AWS VPC JSON Pack
8 minute read
Edge Delta Pipeline Pack for AWS VPC Flow
Overview
The AWS VPC Flow pipeline ensures effective processing of VPC Flow log data, providing insights into network activity and security. It filters, structures, and classifies logs based on actions and status.
Pack Description
1. Data Ingestion
The data flow starts with the compound_input node, which is a compound_input node. This node serves as the entry point into the pipeline, where it begins processing the incoming AWS VPC Flow logs.
2. Omitted Header Data Filtering
Next, logs flow into the omit_header_data node, which is a Regex Filter node. It removes all lines starting with “version” from the data flow.
- name: omit_header_data
type: regex_filter
pattern: ^version
negate: true
The pattern parameter defines a regular expression used to match log lines. The ^ symbol in the regex pattern is an anchor indicating the start of the line, so ^version matches any line that begins with the word “version”. The negate parameter is a boolean that, when set to true, inverts the filtering logic of the node. By default, the Regex Filter node would pass only those log entries that match the specified regex pattern. With negate: true, the node does the opposite: it blocks logs that match the pattern and passes those that do not match.
3. Field Extraction
Once headers are omitted, logs move to the grok_extract_fields node, which is a Grok node. This node uses an Edge Delta supplied pattern to extract fields in the body such as vpc_version, aws_account_id, network_source_ip, etc. and structure them as attributes. By transforming unstructured log data into structured data, this node makes these extracted fields easier to search, analyze, and visualize.
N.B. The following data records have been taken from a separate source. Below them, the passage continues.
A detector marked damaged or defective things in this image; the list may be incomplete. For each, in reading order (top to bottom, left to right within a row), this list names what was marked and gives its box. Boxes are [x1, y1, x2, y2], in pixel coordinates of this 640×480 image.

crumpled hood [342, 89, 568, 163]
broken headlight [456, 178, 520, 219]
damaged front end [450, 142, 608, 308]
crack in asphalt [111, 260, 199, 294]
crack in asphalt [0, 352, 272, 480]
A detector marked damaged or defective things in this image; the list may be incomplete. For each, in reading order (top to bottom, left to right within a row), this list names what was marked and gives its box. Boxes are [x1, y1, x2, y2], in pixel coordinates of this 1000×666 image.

- name: grok_extract_fields
type: grok
pattern:
'%{INT:vpc_version} %{NOTSPACE:aws_account_id} (?:%{NOTSPACE:network_interface}|-)
(?:%{NOTSPACE:network_source_ip}|-) (?:%{NOTSPACE:network_destination_ip}|-)
(?:%{INT:network_client_port}|-) (?:%{INT:network_destination_port}|-) (?:%{NOTSPACE:network_protocol}|-)
(?:%{INT:network_packet}|-) (?:%{INT:network_bytes_written}|-) %{INT:vpc_interval_start}
%{INT:vpc_interval_end} (?:%{WORD:vpc_action}|-) %{WORD:vpc_status}.*'
4. Status-Based Routing
The logs then flow to the skip_nodata node, a Route node. This node routes logs based on the vpc_status attribute: logs where vpc_status is not “NODATA” are routed to the next processing phase. While “NODATA” logs are sent on the default unmatched path to the other_logs output.
- name: skip_nodata
type: route
paths:
- path: all_non_nodata
condition: item["attributes"]["vpc_status"] != "NODATA"
exit_if_matched: true
The condition parameter uses the Common Expression Language (CEL) to evaluate log entries. It checks if item["attributes"]["vpc_status"] is not equal to “NODATA”. The exit_if_matched parameter is set to true, meaning that if this condition is met, the log entry is immediately routed through the specified path (all_non_nodata), and no further conditions are evaluated.
5. Timestamp Transformation
The log_transform_timestamp node, a Log Transform node, updates the log entries by converting the vpc_interval_end attribute to a Unix Milliseconds format and inserting it into the item["timestamp"] field using the Edge Delta convert_timestamp macro. This ensures that the original log timestamp is used for the log, rather than the timestamp generated by Edge Delta when the agent ingested the log.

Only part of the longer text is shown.